Data segment:

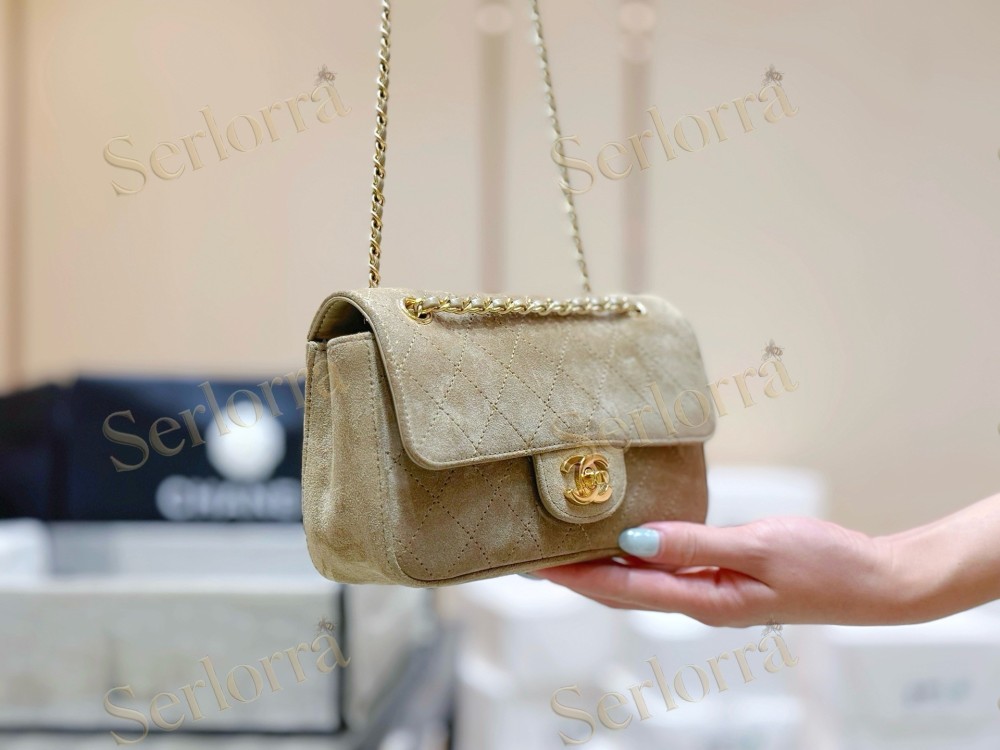 CHANEL MASTER BEIGE SUEDE QUILTED FLAP SHOULDER BAG GOLD HARDWARE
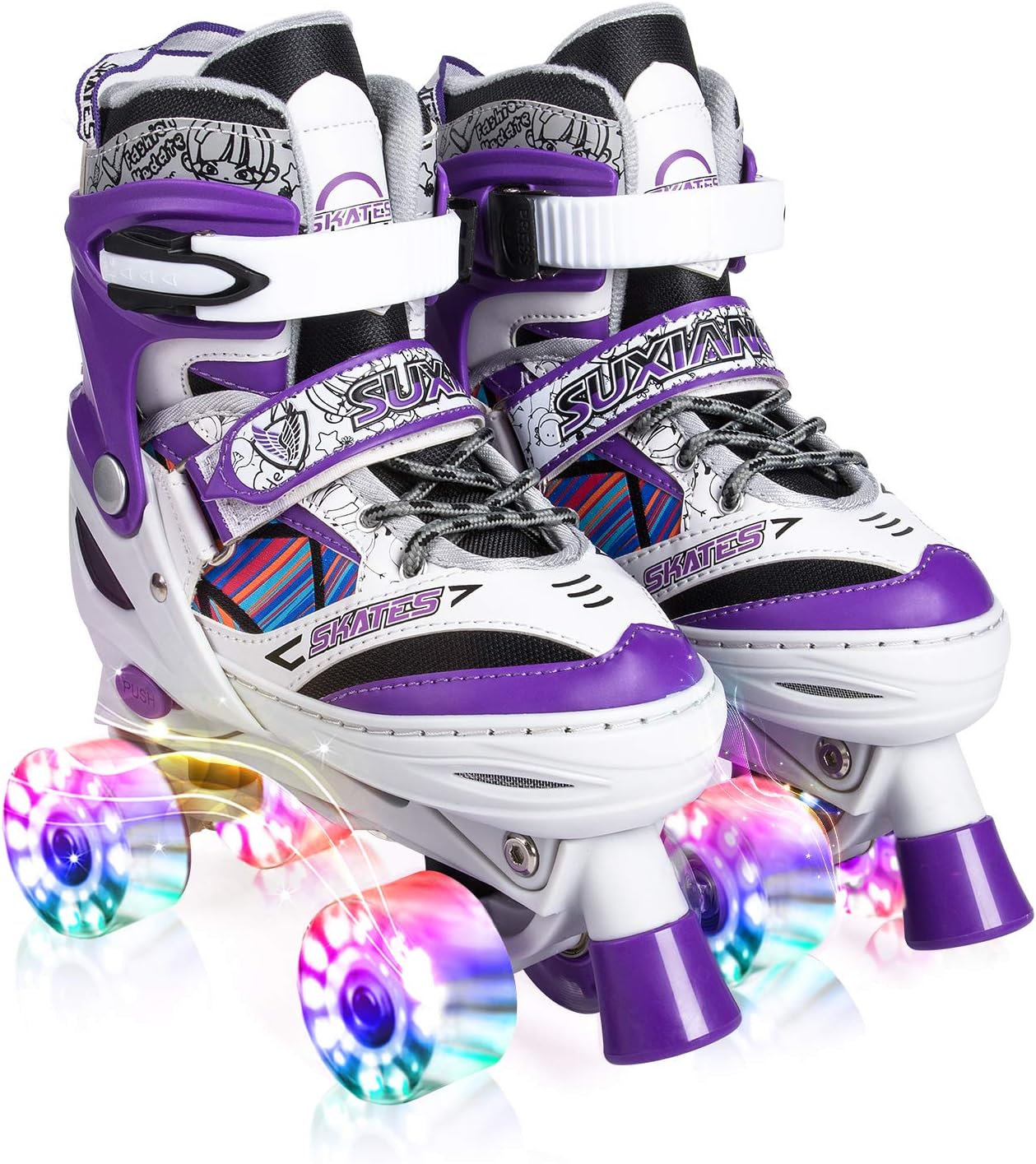 Kuxuan skates Saya Roller Skates Adjustable for Kids,with All Wheels Light up,Fun Illuminating for Girls and Ladies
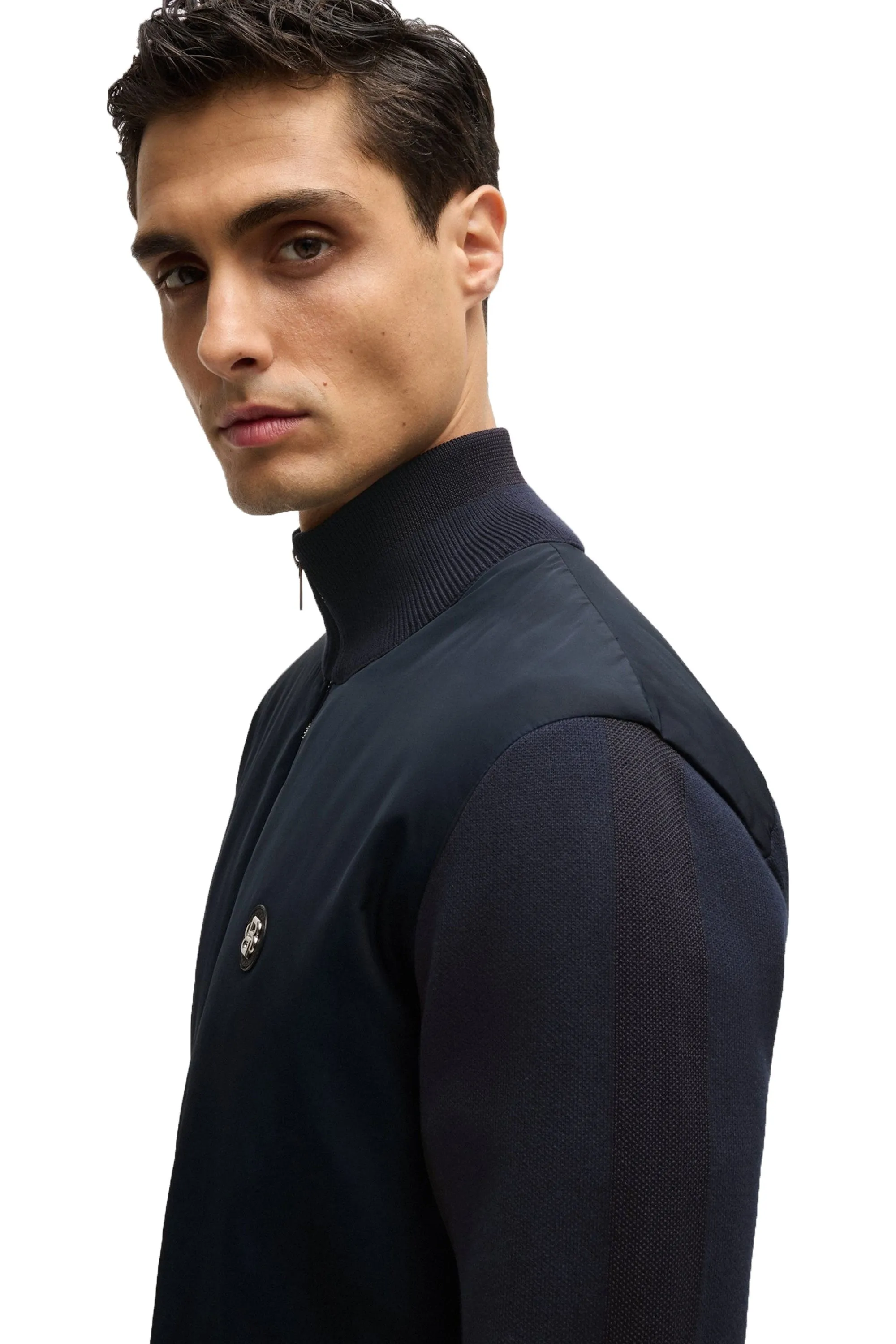 Boss C-Darmando Mixed-material Zip-up Jacket Dark Blue
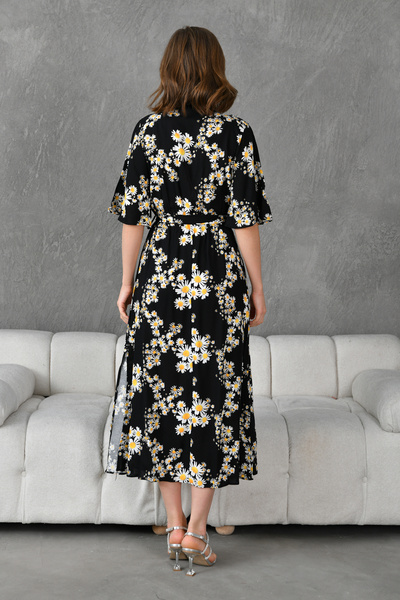 lovebox Damska rozciągliwa tkanina wiskozowa, wzorzysta stokrotka, kołnierz z podwójnymi piersiami, długość midi, sukienka z paskiem 098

Task brief: Could the data above be reproduced exactly, with the pictures left out?

Answer to the problem:
 CHANEL MASTER BEIGE SUEDE QUILTED FLAP SHOULDER BAG GOLD HARDWARE
 Kuxuan skates Saya Roller Skates Adjustable for Kids,with All Wheels Light up,Fun Illuminating for Girls and Ladies
 Boss C-Darmando Mixed-material Zip-up Jacket Dark Blue
 lovebox Damska rozciągliwa tkanina wiskozowa, wzorzysta stokrotka, kołnierz z podwójnymi piersiami, długość midi, sukienka z paskiem 098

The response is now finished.